010622

Théorie de la lecture plurielle[1]

par François Brooks

Chaque lecteur est, quand il lit, le propre lecteur de soi-même. L'ouvrage de l'écrivain n'est qu'une espèce d'instrument optique qu'il offre au lecteur afin de lui permettre de discerner ce que sans ce livre, il n'eut peut être pas vu en soi même.

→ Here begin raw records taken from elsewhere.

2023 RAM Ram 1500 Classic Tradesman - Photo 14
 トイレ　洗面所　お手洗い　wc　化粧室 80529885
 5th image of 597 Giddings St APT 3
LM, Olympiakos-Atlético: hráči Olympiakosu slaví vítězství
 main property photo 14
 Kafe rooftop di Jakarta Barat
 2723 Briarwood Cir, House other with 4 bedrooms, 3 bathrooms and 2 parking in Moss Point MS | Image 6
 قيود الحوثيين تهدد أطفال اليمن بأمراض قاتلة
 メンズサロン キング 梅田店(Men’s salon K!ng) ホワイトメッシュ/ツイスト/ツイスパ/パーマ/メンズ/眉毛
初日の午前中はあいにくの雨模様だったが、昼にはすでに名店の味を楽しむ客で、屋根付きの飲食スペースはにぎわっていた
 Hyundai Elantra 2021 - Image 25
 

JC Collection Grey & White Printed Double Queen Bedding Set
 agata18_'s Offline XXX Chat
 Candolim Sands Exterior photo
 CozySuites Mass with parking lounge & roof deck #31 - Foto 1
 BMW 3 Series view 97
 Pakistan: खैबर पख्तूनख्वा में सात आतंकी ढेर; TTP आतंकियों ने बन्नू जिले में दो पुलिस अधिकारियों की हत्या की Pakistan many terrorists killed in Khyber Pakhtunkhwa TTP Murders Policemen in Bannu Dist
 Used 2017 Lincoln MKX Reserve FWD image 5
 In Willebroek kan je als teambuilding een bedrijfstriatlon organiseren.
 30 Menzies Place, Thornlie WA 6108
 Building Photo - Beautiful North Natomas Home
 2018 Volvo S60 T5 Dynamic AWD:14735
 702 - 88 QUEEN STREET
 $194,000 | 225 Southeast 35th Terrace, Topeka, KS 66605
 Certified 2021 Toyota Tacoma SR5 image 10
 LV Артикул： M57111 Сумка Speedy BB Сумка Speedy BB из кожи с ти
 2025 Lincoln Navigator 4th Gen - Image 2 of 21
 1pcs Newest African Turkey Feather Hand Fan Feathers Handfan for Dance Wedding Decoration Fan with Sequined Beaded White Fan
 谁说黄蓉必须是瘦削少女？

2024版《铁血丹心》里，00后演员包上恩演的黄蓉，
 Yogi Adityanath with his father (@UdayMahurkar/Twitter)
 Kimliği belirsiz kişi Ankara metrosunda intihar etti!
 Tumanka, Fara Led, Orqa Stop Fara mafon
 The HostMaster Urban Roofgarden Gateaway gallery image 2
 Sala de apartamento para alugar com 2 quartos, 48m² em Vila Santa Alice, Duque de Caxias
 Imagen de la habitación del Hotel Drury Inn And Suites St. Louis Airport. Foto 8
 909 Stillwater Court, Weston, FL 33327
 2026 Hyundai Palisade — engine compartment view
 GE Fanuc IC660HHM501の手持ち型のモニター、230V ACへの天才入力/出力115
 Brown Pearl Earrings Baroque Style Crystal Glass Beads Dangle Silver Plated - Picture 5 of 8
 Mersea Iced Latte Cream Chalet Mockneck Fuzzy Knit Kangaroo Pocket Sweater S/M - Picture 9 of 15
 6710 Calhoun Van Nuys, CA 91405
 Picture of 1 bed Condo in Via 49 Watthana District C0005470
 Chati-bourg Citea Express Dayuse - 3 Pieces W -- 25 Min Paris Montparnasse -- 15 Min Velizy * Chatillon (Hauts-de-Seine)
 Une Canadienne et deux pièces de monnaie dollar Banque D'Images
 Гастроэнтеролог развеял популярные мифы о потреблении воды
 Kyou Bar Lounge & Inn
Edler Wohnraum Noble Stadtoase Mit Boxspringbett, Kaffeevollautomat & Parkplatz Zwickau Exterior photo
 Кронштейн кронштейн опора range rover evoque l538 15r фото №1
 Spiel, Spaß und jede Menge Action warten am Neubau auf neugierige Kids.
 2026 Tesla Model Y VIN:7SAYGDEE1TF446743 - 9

Marcel Proust, « À la recherche du temps perdu »

 

 

Vous venez d'acheter un bouquin et vous sortez de chez votre libraire. Ce livre que vous allez lire n'existe pas encore, il n'a pas de signification structurée. Pour le moment, il n'est qu'un paquet de feuilles noircies de caractères symboliques comme le serait un livre chinois. À mesure que vous avancerez dans sa lecture, c'est vous qui allez créer cette œuvre qui n'est encore qu'une brique de feuilles tachées d'encre. Vous allez donner VOTRE signification à cet ouvrage qui est peut-être très loin de celle de l'auteur ou des autres lecteurs.

 

Chaque livre a besoin d'un lecteur pour le créer. Sans lui, il ne serait que papier et calligraphie. C'est pourquoi, après la parution d'un bouquin, l'œuvre n'appartient plus à l'auteur ; elle a sa vie propre, plurielle, aussi multiple que le nombre de lecteurs qui voudront la créer dans leur esprit... et toujours différente de celle de l'auteur. Faites l'expérience suivante : Prenez un texte et copiez-le simplement. Vous verrez comme sa signification change en l'écrivant.

 

Pire! Une nouvelle lecture du même texte apporte une vision différente. Je me souviens d'un type qui lisait toujours le même livre. On lui avait demandé s'il n'aimerait pas en lire d'autres. Il avait répondu : « Pourquoi est-ce que je lirais un autre livre? Je connais ce livre et je l'aime. Je n'en ai pas besoin d'autre. » Pour lui, chaque lecture était différente, toujours renouvelée ; lire toujours le même livre ne l'ennuyait donc pas.

 

Mais, même si nous pensons avoir une lecture variée, puisque c'est NOUS qui lisons, ne lisons-nous pas toujours à peu près le même livre? Voilà bien un paradoxe : on peut lire mille livres différents, si on y projette toujours le même regard, tous ces livres n'apporteront qu'une seule vision. Par contre, on peut lire toujours le même livre, si on y apporte notre ouverture d'esprit, ce ne sera jamais le même.

 



[1] Marianne Arnould et Jean-François Coremans, dans leur livre 100 livres en un seul, (Marabout #8504, ©1989, p.222) nous parlent du livre de Henri James, L'image dans le tapis :

Le motif dans le tapis

La comparaison entre composition littéraire et tapis d'orient renferme en elle-même toute la complexité de la démarche d'écriture. Elle traduit une intuition géniale de James qui sera à la base de la théorie contemporaine appelée lecture plurielle. Un tapis d'Orient est fait d'une multitude d'éléments qui en constituent la trame. Celle-ci sera perçue différemment suivant chacun, prenant un aspect plus chatoyant selon l'intensité de la lumière, par exemple. De même, chaque lecteur appréhende à sa manière une œuvre littéraire. Celle-ci prendra tout son sens en fonction de sa personnalité, son vécu et sa culture lui donnant un éclairage particulier. La nouvelle démontre donc que l'œuvre littéraire ne recèle pas un sens mais des sens ; tel est le secret de Hugh Vereker, dès lors intransmissible.